My wife is an accountant, have you ever looked at the emence size of our tax rules when printed out on paper? 

That's not an accident. A person can go an entire life time without paying taxes and retire a millionaire....and do it legally.


----------



## BamBamm5144 (Jul 12, 2008)

jb4211 said:


> Like me, which is why I have an accountant. A man can only stay on top of so many things simultaneously: the various codes governing the building trades, tax laws, wife's moods, children's needs, etc. Truly, there's only so much time in a day, a week, a month and a year. And another thing, I have four watches and three clocks, when the f#@k is Miller Time, because it's not listed on any of my time pieces I can tell you that? :no:


No I don't even know a third of it. I focus on what I know. That's why I hire an accountant, internet guys, lawyers, etc.

All I know is that a lot of guys pay their whole mortgages every month, truck payments although they don't have a personal vehicle, all their gas, entertainment, utilities and groceries all through the business.

I am trying to show profits so I can buy land and build within the next few years.


----------



## jb4211 (Jul 13, 2010)

SSC said:


> of course and i do have one, just trying to understand better myself:thumbsup:


I gave up trying to understand the plethora of tax law. With everything you and I and every other working man has going on it's impossible to stay on top of a moving target. So many changes, so often.


----------



## BamBamm5144 (Jul 12, 2008)

Oconomowoc said:


> @ BamBamm
> 
> I'm not picking on you so I hope you don't take the following in a bad way but.....
> 
> ...


No, I am not taking it badly. 

I know of guys who have tried to play the game. One went to a federal prison. The other is an employee of my mothers and he will be having $200 taken out of his check for the next 20 years.

I know taxes don't need to be paid. I understand why we all shouldn't want to. Problem is that you said legally. Majority of guys don't do it legally because they don't know all the rules. I have seen a list printed out by my accountant and it was unbelievable. I was even doing a few things that I thought were fine.

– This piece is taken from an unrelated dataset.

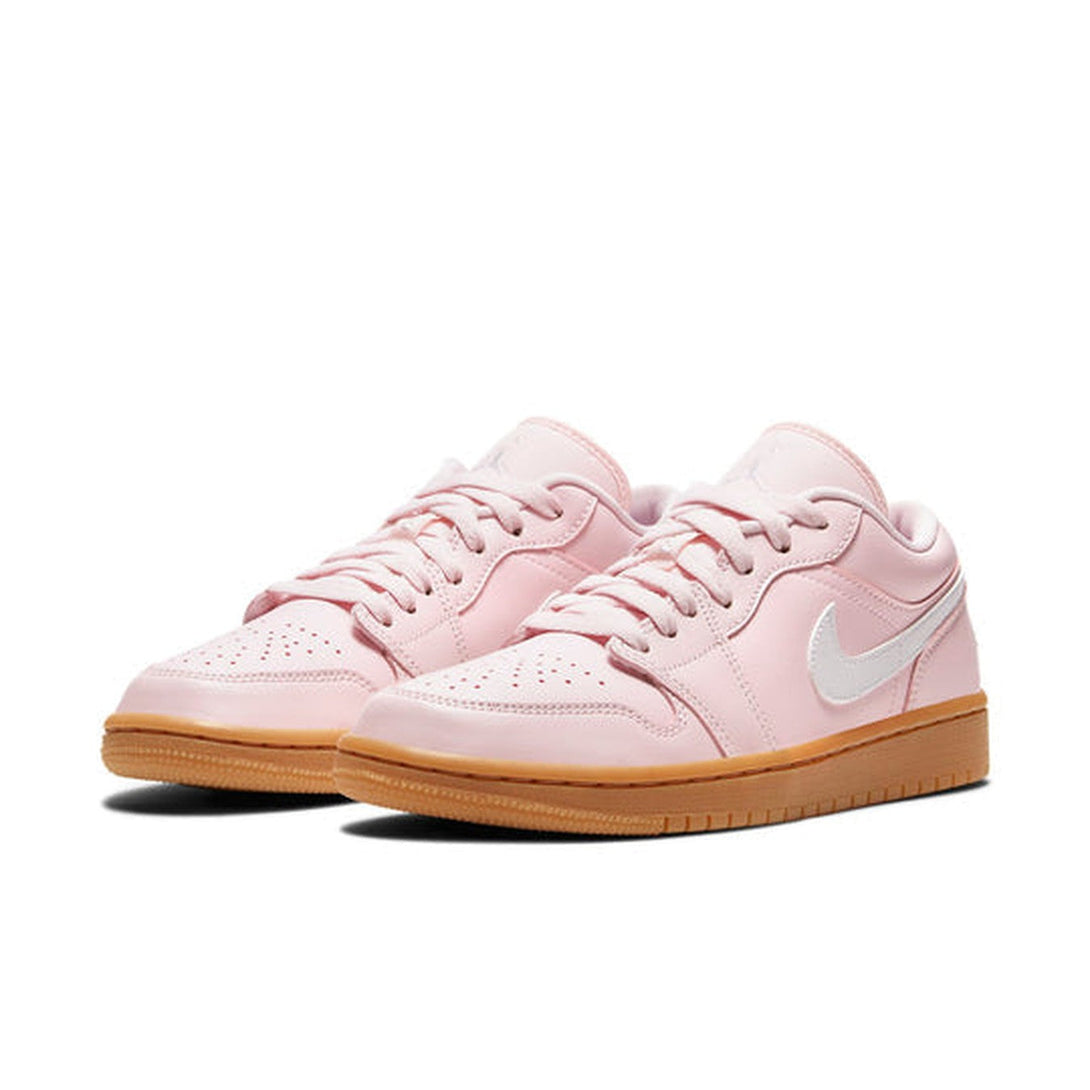 Air Jordan 1 Low 'Arctic Pink Gum' Wmns- Streetwear Fashion 950 - levefly.com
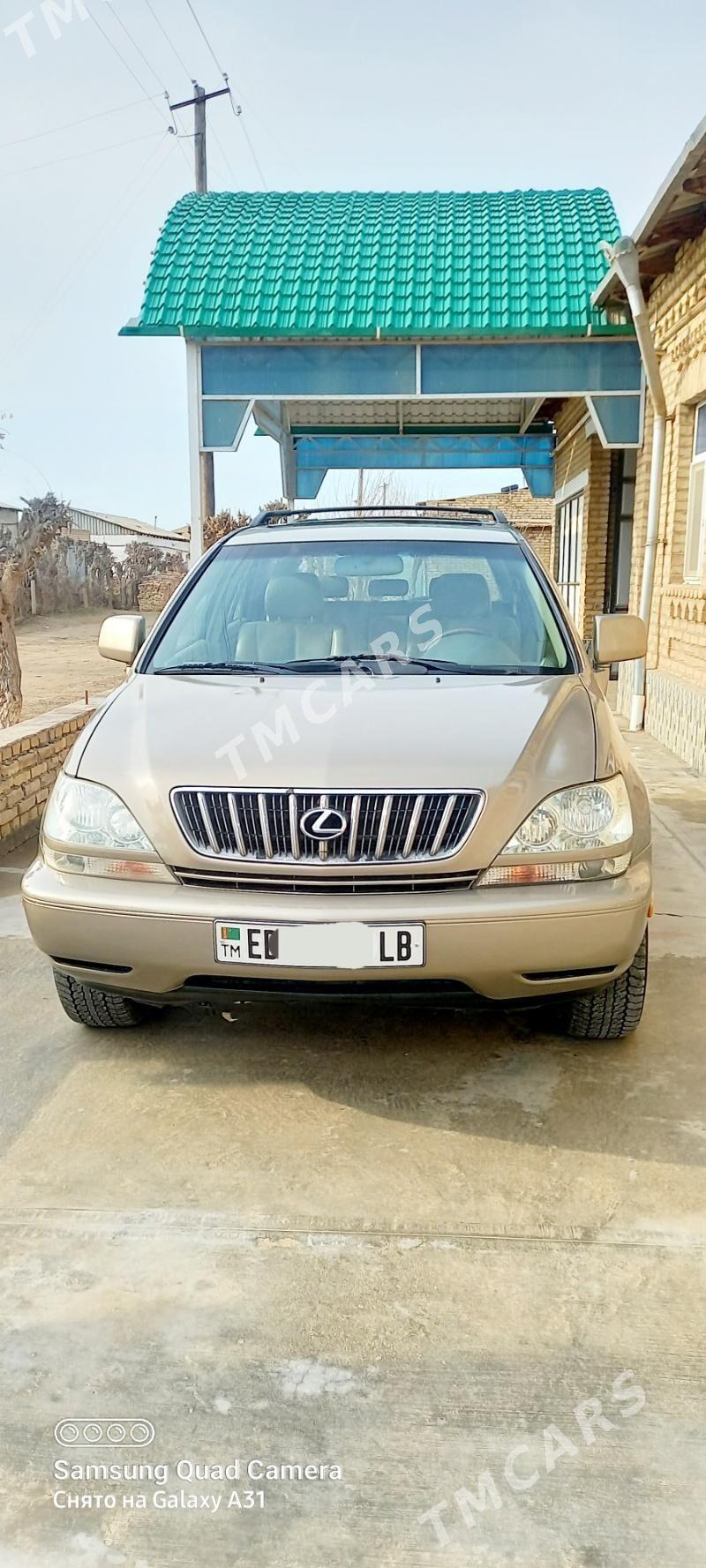 Lexus RX 300 2001 - 190 000 TMT - Halaç - img 2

Until a few months ago I learned that if I replace rotten wood on someones house, I have to charge a tax on that. I don't have to do it to replace the roof but if I tore off someones fascia board and put on a new one, I need to charge and pay sales tax.


----------



## jb4211 (Jul 13, 2010)

BamBamm5144 said:


> Until a few months ago I learned that if I replace rotten wood on someones house, I have to charge a tax on that. I don't have to do it to replace the roof but if I tore off someones fascia board and put on a new one, I need to charge and pay sales tax.


But you already paid sales tax when you purchased the new fascia board. Unless you are tax free, which I'm assuming you're not. I know some companies are.


----------



## Oconomowoc (Oct 13, 2011)

Your assuming most do it illegally I don't have those facts so I won't assume.

My wife is an accountant for a nonprofit organization. Its very simple to do and do it legally. No need to break the law. Morons break the law. If you know people who went to federal prison your hanging with the wrong group. JK

Most accountants don't have a clue about taxes. Good accountants are rare.


----------



## BamBamm5144 (Jul 12, 2008)

jb4211 said:


> But you already paid sales tax when you purchased the new fascia board. Unless you are tax free, which I'm assuming you're not. I know some companies are.


I mean that I have to charge the sales tax then pay the government.


----------